# Running A/c With Kipor 3000ti



## Sierrab24r (Apr 2, 2006)

Anyone here have any luck running their A/C with a Kipor 3000TI? I thought I had done pretty good research. I was convinced that the Kipor 3000TI would run my A/C, particularly since my Coleman Powermate rated at only 2250 watts ran it with no problem. However, my Kipor which is supposed to put out 2.6KVA peak and 2.5KVA continuous, overloads and kicks off. I tested using both generators under the same atmospheric conditions (within minutes) and the Coleman consistently runs the A/C with no problems while the Kipor kicks off. I also notice that the Kipor really bogs down when the electric water heater is turned on (by itself) and the Coleman doesn't skip a beat. I suspect bad control circuitry in the Kipor or extremely optimistic generator ratings... What do you guys (and gals) think? I've even called Carrier and they show 1450 watts on up to 1820 watts required to run the unit (depending on temp) but can offer no starting load as it differs greatly with outside air temp.


----------



## hurricaneplumber (Apr 12, 2004)

Pretty sure CamperAndy has this generator (not sure exactly of model numbers), send him a message and hopefully he can help out directly. I remember that he likes his.

kevin


----------



## CJ999 (Aug 11, 2005)

I have a 3500TI and it runs everything with no problem. I notice your sign-on name is sierra... which causes me to wonder what elevation you are at. The generating capacity is reduced as you increase elevation.


----------



## denali_3 (Mar 18, 2004)

I don't have the Kipor but the Yamaha Ise3000. The water heater won't bog it down. But, I do have the refer on gas to keep from bogging it down while running the a/c. And, I live in the Sierra's at 4700'.


----------



## Moosegut (Sep 24, 2005)

Does your Kipor have anything like the Honda eco-throttle? The eco-throttle automatically runs the gen at the lowest RPMs and then kicks them up according to demand. I have found that my gen operates the AC much better if I turn the eco-throttle off. Of course, it then runs at full RPMs, but it's rare that I have to run the AC with the gen anyway.

Scott


----------



## Sierrab24r (Apr 2, 2006)

CJ999 said:


> I have a 3500TI and it runs everything with no problem. I notice your sign-on name is sierra... which causes me to wonder what elevation you are at. The generating capacity is reduced as you increase elevation.
> [snapback]104928[/snapback]​


Thanks for all the suggestions. I will try it with the eco-throttle (or whatever Kipor calls it) off. For the record, I am at an elevation of 175'. My sign-on is actually taken from the make and model of my airplane (Beechcraft Sierra B24R). I fear that what I really need to do is buy the model 3500TI. I was trying to have a more manageable weight for when the wife and kids go camping without me.


----------



## Oregon_Camper (Sep 13, 2004)

AC ??

Is that your alcohol cooler?


----------



## CamperAndy (Aug 26, 2004)

I replied to your PM but just so everyone knows I have the 3500Ti not the 3000Ti but the 3000Ti should work.
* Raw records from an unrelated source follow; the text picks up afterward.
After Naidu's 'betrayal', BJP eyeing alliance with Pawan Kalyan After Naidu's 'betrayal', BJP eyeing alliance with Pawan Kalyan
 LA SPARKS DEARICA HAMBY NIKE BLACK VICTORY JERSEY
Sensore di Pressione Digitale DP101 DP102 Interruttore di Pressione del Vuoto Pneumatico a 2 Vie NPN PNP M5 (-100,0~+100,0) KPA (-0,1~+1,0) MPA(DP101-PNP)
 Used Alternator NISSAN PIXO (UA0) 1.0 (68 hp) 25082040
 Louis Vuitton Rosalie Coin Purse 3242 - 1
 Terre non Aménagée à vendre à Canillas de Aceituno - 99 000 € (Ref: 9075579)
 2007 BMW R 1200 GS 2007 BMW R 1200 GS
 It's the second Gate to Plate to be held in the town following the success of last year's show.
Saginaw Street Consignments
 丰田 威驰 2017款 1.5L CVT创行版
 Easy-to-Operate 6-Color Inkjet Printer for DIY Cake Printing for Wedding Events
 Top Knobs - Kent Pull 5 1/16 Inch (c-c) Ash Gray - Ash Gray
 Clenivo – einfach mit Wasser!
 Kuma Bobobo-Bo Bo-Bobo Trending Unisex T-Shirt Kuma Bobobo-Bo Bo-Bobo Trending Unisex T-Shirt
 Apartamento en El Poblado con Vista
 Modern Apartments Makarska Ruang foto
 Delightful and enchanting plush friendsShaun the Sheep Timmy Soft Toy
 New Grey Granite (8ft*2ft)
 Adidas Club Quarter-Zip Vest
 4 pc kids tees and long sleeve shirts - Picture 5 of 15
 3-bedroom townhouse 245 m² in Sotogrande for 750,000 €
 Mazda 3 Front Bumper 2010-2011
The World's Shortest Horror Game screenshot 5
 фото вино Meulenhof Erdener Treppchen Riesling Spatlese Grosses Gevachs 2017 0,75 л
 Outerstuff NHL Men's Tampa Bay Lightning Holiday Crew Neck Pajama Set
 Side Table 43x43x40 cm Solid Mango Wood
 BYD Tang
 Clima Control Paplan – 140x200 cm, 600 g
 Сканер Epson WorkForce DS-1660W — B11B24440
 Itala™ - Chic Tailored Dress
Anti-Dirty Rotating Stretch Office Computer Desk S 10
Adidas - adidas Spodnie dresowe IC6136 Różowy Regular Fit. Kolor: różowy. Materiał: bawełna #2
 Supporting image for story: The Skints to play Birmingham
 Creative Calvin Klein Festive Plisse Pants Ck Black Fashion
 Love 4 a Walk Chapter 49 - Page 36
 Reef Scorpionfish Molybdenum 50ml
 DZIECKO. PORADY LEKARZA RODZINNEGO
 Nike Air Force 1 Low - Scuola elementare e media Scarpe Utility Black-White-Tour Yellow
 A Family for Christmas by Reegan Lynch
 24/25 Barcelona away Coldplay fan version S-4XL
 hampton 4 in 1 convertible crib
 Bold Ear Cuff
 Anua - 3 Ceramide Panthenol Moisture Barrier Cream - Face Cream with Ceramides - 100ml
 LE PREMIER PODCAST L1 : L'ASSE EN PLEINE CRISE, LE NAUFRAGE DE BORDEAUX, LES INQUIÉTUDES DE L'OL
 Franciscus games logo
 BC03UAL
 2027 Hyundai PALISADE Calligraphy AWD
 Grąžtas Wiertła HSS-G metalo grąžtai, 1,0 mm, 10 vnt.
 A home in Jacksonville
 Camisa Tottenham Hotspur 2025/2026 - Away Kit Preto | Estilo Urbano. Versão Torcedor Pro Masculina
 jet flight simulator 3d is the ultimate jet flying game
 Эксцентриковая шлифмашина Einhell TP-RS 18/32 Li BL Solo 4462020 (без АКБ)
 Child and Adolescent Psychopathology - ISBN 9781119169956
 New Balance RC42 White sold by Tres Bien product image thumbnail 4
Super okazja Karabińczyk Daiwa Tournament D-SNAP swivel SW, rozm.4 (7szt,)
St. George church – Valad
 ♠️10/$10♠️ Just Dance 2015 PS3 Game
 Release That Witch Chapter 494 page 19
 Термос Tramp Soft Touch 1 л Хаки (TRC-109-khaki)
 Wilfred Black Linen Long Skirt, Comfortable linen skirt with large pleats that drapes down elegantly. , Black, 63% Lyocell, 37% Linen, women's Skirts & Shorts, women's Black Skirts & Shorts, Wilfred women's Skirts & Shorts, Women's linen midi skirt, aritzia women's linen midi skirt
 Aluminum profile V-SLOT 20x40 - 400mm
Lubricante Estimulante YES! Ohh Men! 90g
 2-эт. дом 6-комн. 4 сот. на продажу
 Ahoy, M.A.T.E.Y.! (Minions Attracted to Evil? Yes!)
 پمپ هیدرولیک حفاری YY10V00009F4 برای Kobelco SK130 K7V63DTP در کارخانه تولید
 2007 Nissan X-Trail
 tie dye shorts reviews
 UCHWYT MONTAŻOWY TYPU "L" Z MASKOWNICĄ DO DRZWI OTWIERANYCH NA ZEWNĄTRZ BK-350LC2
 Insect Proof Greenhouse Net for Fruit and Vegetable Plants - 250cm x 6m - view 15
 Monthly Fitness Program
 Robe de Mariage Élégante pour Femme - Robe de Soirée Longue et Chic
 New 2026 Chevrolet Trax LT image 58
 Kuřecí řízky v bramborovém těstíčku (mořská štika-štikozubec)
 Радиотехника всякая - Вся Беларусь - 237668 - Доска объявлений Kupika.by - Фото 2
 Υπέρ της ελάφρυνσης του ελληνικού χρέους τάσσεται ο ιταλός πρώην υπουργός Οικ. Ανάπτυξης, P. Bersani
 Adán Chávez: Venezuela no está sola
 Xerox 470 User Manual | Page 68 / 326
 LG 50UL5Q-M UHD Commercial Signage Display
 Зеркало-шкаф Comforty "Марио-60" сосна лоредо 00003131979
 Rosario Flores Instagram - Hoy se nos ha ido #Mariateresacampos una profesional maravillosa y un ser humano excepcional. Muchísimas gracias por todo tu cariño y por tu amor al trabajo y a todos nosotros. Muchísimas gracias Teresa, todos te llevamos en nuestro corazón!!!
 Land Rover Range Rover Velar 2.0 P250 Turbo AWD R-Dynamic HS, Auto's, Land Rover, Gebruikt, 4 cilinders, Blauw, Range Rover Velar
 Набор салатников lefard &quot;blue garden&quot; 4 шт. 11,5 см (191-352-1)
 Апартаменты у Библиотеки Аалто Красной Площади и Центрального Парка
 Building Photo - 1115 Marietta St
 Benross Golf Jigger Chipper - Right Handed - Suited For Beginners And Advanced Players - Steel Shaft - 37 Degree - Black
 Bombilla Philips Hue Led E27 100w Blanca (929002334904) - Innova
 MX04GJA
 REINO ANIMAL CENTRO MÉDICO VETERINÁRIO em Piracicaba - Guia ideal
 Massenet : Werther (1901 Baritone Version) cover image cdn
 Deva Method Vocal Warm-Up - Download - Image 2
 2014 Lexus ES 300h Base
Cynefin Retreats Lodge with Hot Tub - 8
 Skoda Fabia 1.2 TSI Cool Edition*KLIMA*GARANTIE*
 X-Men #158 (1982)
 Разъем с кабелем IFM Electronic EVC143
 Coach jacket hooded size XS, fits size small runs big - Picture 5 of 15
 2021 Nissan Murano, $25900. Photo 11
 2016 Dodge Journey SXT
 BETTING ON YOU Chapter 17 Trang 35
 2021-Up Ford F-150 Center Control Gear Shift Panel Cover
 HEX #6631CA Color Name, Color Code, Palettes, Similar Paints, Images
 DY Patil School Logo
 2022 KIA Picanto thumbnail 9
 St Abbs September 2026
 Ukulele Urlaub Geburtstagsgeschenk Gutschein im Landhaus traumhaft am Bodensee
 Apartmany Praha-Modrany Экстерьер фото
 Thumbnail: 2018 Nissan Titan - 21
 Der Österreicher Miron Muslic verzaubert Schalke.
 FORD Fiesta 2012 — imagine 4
It sounds like a carburetor issue, not sure if it is the Smart throttle control or the jetting but the 3000 should be able to handle it without too much strain.


----------



## Dreamtimers (Mar 7, 2005)

Oregon_Camper said:


> AC ??
> 
> Is that your alcohol cooler?
> 
> ...


No that stands for Air Conditioner. It's sort of a Southern thing... Come see us, I'll show you one.

The Alcohol Cooler is *MUCH* bigger and requires a dedicated power source!























Dreamtimers


----------



## Sierrab24r (Apr 2, 2006)

Thanks for all the advice, guys! Tried it last night with the "smart throttle" off and the air conditioning started and ran fine. I believe I'll still have the electronics and carburetor checked out as this unit probably only has about 1/2 an hour of run time. Maybe, despite all the QC stickers on it, it needs a little break in...

*I sure like this forum...*

I used it to find our trailer, and to troubleshoot several minor annoyances. I look forward to meeting with some of you and also to posting on improvements (or is it refinements?)

Regards,

Jerry

P.S.

I noticed an Outback parked in an RV storage yard not far from my place. Is it possible that an "Outbacker" may not have heard of this forum? I believe I'll contact the Outback dealer in Salem and have him pass on this site info to new purchasers.


----------



## CJ999 (Aug 11, 2005)

They also need to warm up completely before you add the electric load, especially when they are new.


----------